### [Task requirements]
Could the lines from the start of the data through the line with "Personalized Teacher Open" be set down exactly, with no pictures among them?

┌─ Records provided

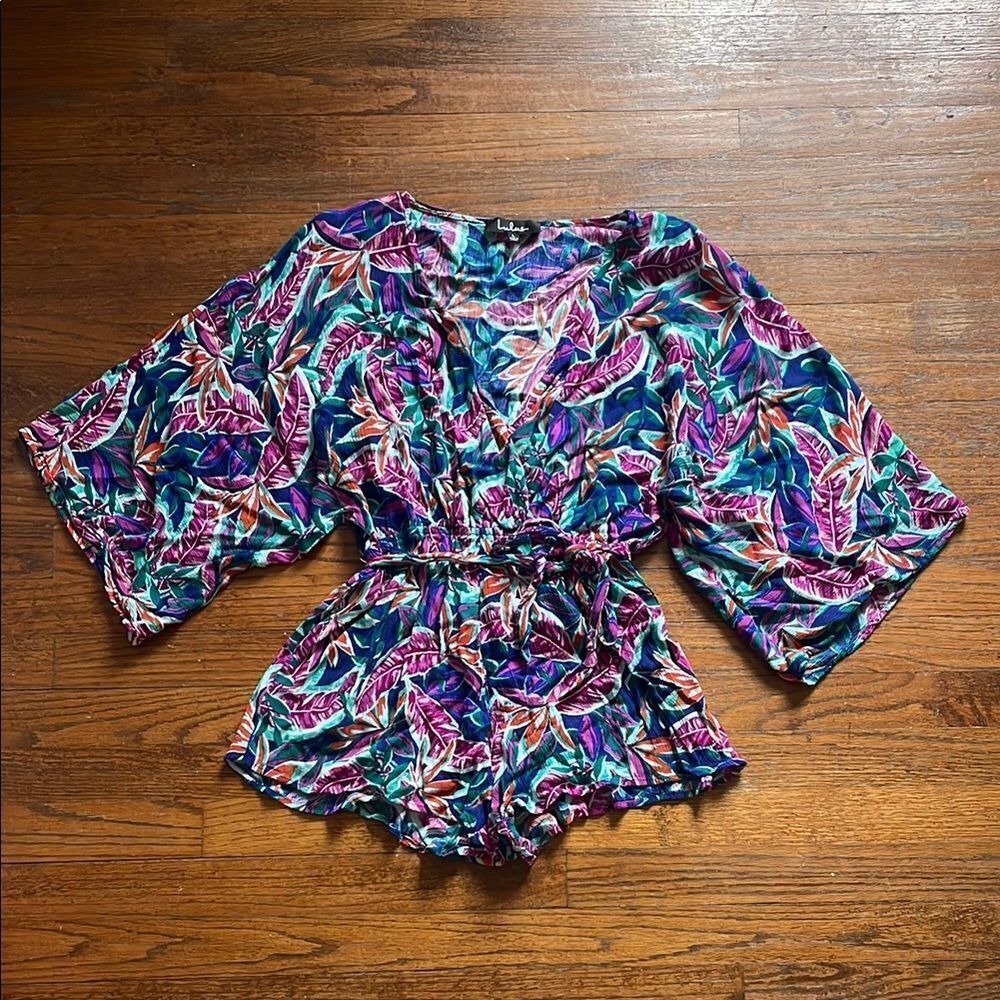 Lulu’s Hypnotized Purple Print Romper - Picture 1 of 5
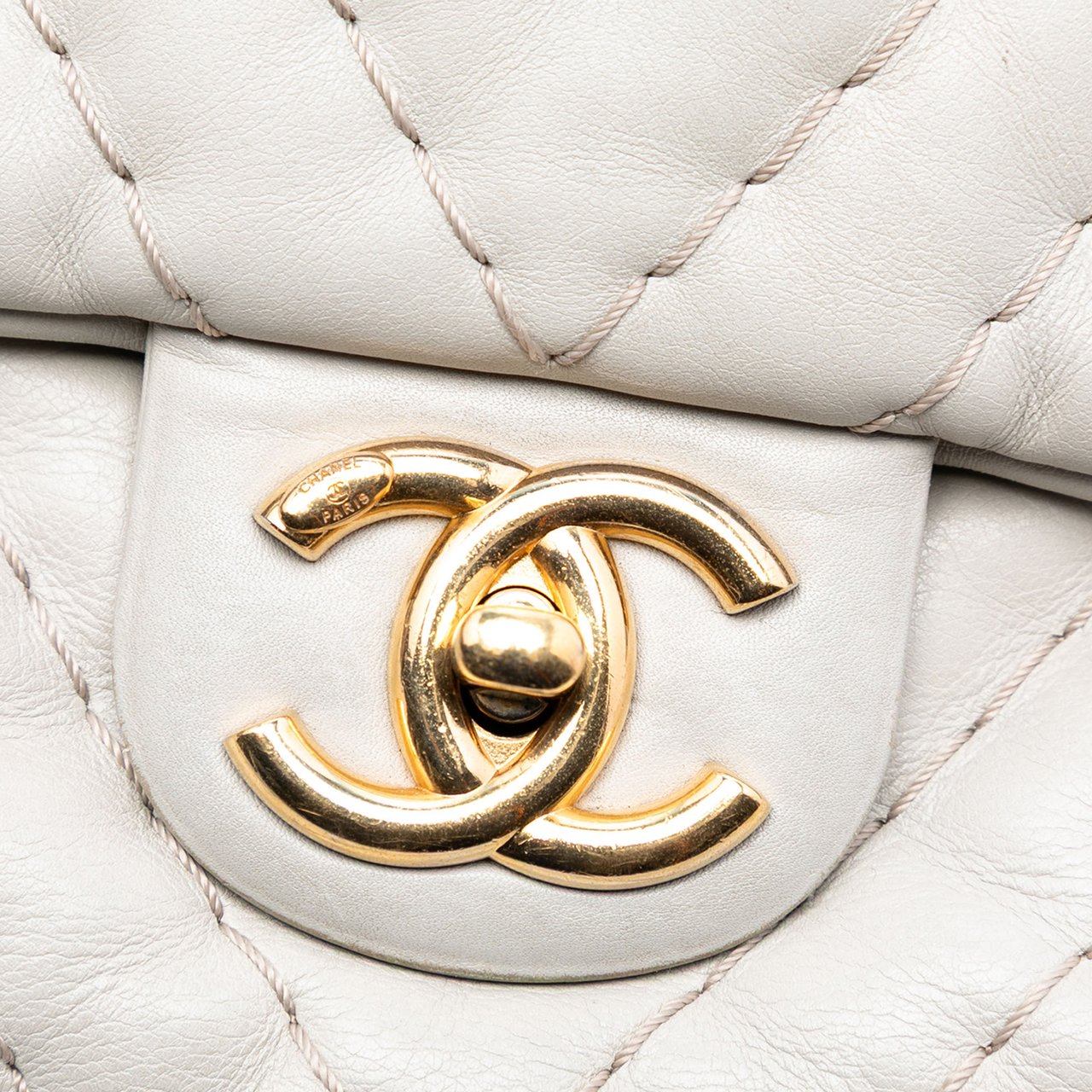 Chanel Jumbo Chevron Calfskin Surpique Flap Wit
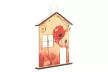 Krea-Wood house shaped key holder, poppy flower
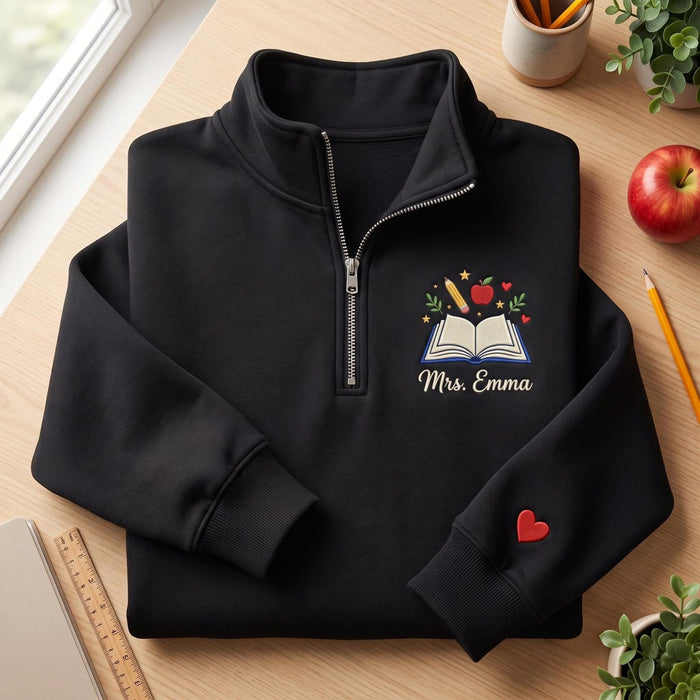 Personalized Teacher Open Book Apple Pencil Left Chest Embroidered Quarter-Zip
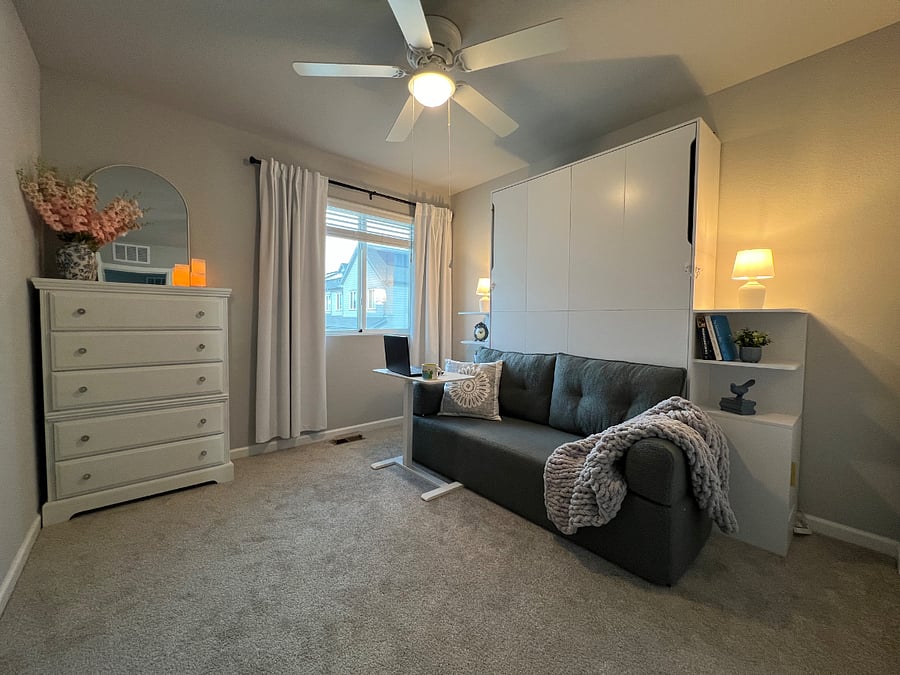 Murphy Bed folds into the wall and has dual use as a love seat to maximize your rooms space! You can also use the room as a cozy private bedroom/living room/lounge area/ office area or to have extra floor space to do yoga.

└─

### [Solution for this problem]
 Lulu’s Hypnotized Purple Print Romper - Picture 1 of 5
 Chanel Jumbo Chevron Calfskin Surpique Flap Wit
 Krea-Wood house shaped key holder, poppy flower
 Personalized Teacher Open Book Apple Pencil Left Chest Embroidered Quarter-Zip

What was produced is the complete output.